Si definisce obeso un soggetto il cui eccesso ponderale supera del 20-25% il suo peso ideale o la cui percentuale di grasso corporeo supera il 25% per l’uomo e il 35% per la donna. L’obesità può essere classificata come lieve se l’eccesso ponderale è del 20-40%, media se è del 41-99% e grave quando l’eccedenza ponderale è superiore al 100% del peso ideale.

L’obesità è caratterizzata da un incremento del tessuto adiposo, dato da un aumento numerico (iperplasia) e dimensionale (ipertrofia) delle cellule adipose, nel cui citoplasma aumenta il contenuto lipidico.
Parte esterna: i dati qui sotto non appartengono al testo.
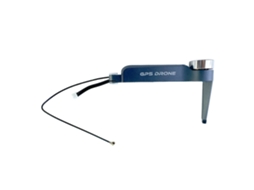 Módulo Gps Lyzrc L200 Pro Max Drone Quadcopter Peças: Braço do Eixo, Hélices, Placa Receptora, Carcaça, Anti obstáculos, Wifi, Esc, Motor MDUG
L’iperplasia si ha nei primi anni di vita e nell’età dello sviluppo: in questi periodi della vita gli equilibri ormonali sono tali da imprimere alla velocità di crescita due grandi accelerazioni (picchi di crescita), soprattutto per quanto riguarda l’aspetto moltiplicativo delle cellule dell’organismo. Al termine della pubertà si viene a determinare il numero di adipociti dell’età adulta, quantità che rimane all’incirca invariato per il resto della vita.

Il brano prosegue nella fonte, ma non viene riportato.